I don't have any idea as of why the web pages are inflated. The idea of phantom pages is impossible because we don't have those pages in our sites. I also don't think it is Google bug.
The only possibility that I could think of is that we interpret differently from what Google actually does. For ex. - With site:mydomain.com, Google reports: Results 1 - 10 of about 27,600 from mydomain for (0.13 seconds), we interpret that we have 27,600 pages from my mydomain.com, but actually we have about 8,000 pages only. In our view, this is not correct. But for Google, it is meant that there are 27,600 pages from mydomain.com in Google index. For Google, it is correct!
If this was true, then it means that Google has 3 or 4 copies of a particular page of the big website in its index (but in different databases). Perhaps these different copies were created or grasped by different Googlebots and they are "unprocessed" and kept in queue for iteration. After the copies are processed, then only 1 copy is maintained.
For smaller website (pages less than 100 or 1000), Google can complete its processes or iteration of different copies quite easily, so it reports the actual number of pages quite accurately. For larger ones, it is different; Google never completes its iteration of every copies, that is why we always see the size inflation or more page count that we are seeing now.
Google says I have about four times the amount of pages I actually have. (Includes a lot of links only that are denied in robots.txt)
site:mydomain and site:www.mydomain return same number of pages.
prior to this past update, the total pages showed slightly less than the actual number of pages which I though was due to some not being indexed for various, and valid, reasons (little textual content and/or no index tags).
Using copyscape I have found hundreds of scraper sites with snippets of my code plus a number of ebay sellers that copy some content and/or images, but not a single page that was copied in total lately.
The site has been around since 1999 and there have been many changes to file names over the years. these were either allowed to go 404 or are 301'd in htaccess to the new file name.
However, since y! can't seem to understand 301's, they still have some old file names (from as far back as 2001!) which are still listed in their index and these are sometimes picked up by the smaller engines/directories.
What I've noticed over the last couple months is g'bot has repeatedly been trying to crawl many of those old 404/301'd files.
I wonder if that has something to do with the discrepancy in total number of pages - although there were never that many renamed riles.
Some of it is over-estimation of the number of pages. I have a site where page 1 of the SERPs says 1 to 10 of 615, but when you get to page 2 it says 11 to 20 of 455 but when you get to the end you only get as far as 271 to 278 of 278.

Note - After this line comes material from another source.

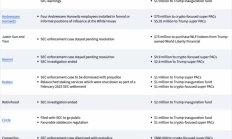 川普加密帝国背后：监管、道德与金融风险的三重博弈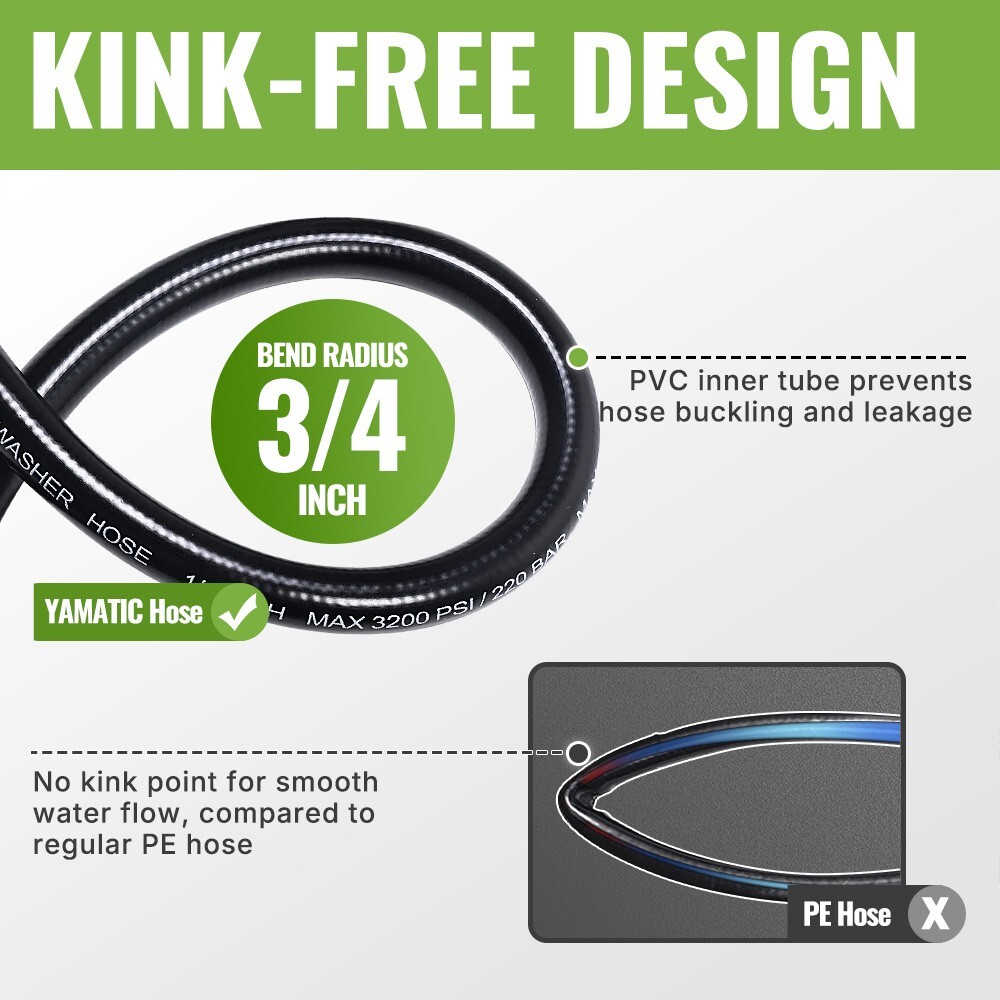 YAMATIC 3200 PSI Anti-Kink Pressure Washer Hose 1/4″ M22-14mm 25 ft/30 ft/50 ft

Some of it is Google knowing about sites that redirect to you using a 302 redirect, and have, or are attempting to, hijack your listings. Google is including their URLs as being a part of your own site. Google has tried to hide these from the search results, but the data is still there in their database.
Many sites are showing an inflation of double to quadruple the real size of the site.
I know google on have 40% of our site included, so about 1000 pages, but it said 16.400 pages and everytime I pushed the search button the no. increased.
Today its normal again.
What you are talking about is that google indexed everything from a site, even if it issnt a site, just a pop up, ad management soft and so on, but alsosometimes it includes what google thinks is dublicated sites, but on other domains.
I never noticed the difference in the number of pages on succeeding serp's before but it only shows a difference of 10 out of over 3000 pages for this site.
I also never found any results for a listing of mydomain.com that showed otherdomain.com when hovering over the link, but since this site didn't appear to be affected by the 302 "bug", I never spent a lot of time looking.
Hope it's just some new(er) anomaly and I don't have to worry.